Два дня Рене Алларэ провалялся в гостинице на окраине, размышляя, что делать. Вернуться ли в родной замок, признав, что брат имеет полное право поступить с ним, как с нашкодившей собакой — или порвать цепь и броситься на обидчика. Наконец он решился, и, пусть время уже было позднее, остановил коня перед воротами особняка Скорингов.

— Не желаете ли отужинать? Герцог-регент присоединится к нам позже.

Возможно… — нет, все-таки господин Эйк был ближайшим родичем семейству Алларэ. Эти манеры, эта холодная показная лень баловня судьбы — в него можно было смотреться вместо зеркала.

— Благодарю, не откажусь. Ужин оказался только поводом для расспросов. Рене понял это очень быстро.

Собеседник с пресыщенным видом ковырял поданные блюда, отправляя в рот крошечные куски запеченного судака, едва пригубил вино, зато говорил без умолку. Точнее — спрашивал. Слово за слово, и господин Алларэ начал рассказывать даже о том, о чем раньше и не собирался говорить с приспешником Скоринга.

— Как вы вообще отважились на штурм? Считается, что Шеннора неприступна.

— Мало ли что считается? — Рене в два глотка допил вино. — У меня был точный план, еще кое-какие сведения, достаточно надежных людей. Впрочем, если бы не затмение, все могло бы сорваться. Так что я ваш должник.

— Увы, не мой, — Эйк улыбнулся. — Меня еще не было в столице. К тому же, дворец взорвали еретики, а я добрый сын матери нашей Церкви.

— Ах, оставьте! Если это так, то я не сын своего отца!





— Что бы сказала ваша почтенная матушка на подобное предположение? Рене задумался — и впрямь, что бы она сказала? Наверное, ничего приличного; Клер Алларэ половину жизни выслушивала ядовитые замечания о происхождении черноволосого отпрыска, и редко отвечала на них вежливо. Отец не обращал на это внимания: первенец как две капли воды походил на бабку Анну, в девичестве Литто.

— Едва ли что-то вежливое, — усмехнулся Алларэ.

— Ну так и я не имею никакого отношения к подлым преступлениям еретиков, — в серо-зеленых глазах насмешкой плясали блики свечей. — Хотя не могу признаться в том, что так уж негодую. Мне довелось две девятины охранять графа Саура. Он был немногословен, но представление о творившемся на севере я составил.

— Вы всерьез полагаете, что еретикам было хоть какое-то дело до северян?!

— Нет. Но я предполагаю, что причиненное зло подобно удару по маятнику. Груз двигается в нужную сторону, потом останавливается и возвращается.
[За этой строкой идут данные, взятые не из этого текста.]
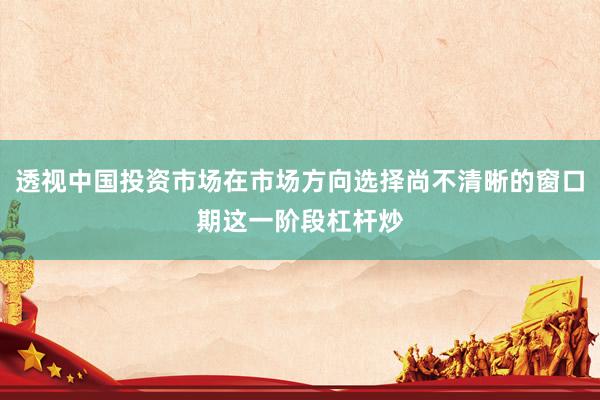 透视中国投资市场在市场方向选择尚不清晰的窗口期这一阶段杠杆炒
Если он достаточно тяжел, то сбивает с ног и толкнувшего, и всех, кто с ним связан. Король Ивеллион, мир его праху, толкнул огромной величины маятник… и тот вернулся. Манера Эйка при разговоре смотреть прямо в глаза, не отрываясь, поначалу озадачила и смутила Рене, а теперь он начал находить в ней своеобразное удовольствие. Вместо одного разговора постепенно заплетались два — тот, что звучал вслух, и тот, что происходил без слов. Господин глава королевской тайной службы рассуждал о королях и маятниках, а Рене читал в его глазах совсем другое:

«Вы совершенно правы, что пришли к нам. С вами поступили несправедливо, и теперь несправедливость вернется к причинившим ее — потому, что так устроен мир». Казалось, что в столовой совсем темно, и только два подсвечника на столе разгоняют мрак. На улице действительно давно уже стемнело, близилась полночь, но ведь они с Эйком сидели не на улице… На общем темном фоне светлым сияющим пятном выделялось только лицо собеседника, едва двигающиеся губы, внимательные глаза. За его спиной пристально таращились из темноты медвежьи и кабаньи головы, украшавшие стены столовой. Между ними висели стародавние рогатины с тулеями, обложенными серебром, кинжалы и кортики — парадное охотничье оружие времен Мышиного Короля и его отца. Насколько Рене помнил, покойный казначей не больно-то жаловал охоту, значит, все трофеи принадлежали еще его предкам. Судя по проплешинам на медвежьих мордах и повыпавшей с кабаньих рыл щетине, так оно и было. Прошловековые трофеи давным-давно нуждались в замене, но, видать, с тех времен среди Скорингов не было достойных охотников; или они предпочитали другого зверя… Рене чувствовал, что говорит — горло производило какие-то звуки, он даже жестикулировал, размахивая вилкой, шутил, кажется, смеялся, но плохо понимал, о чем речь, что происходит. Порой он пытался сосредоточиться, и тогда действительность прорывала темную пелену, но слова оказывались совершенно незначительными.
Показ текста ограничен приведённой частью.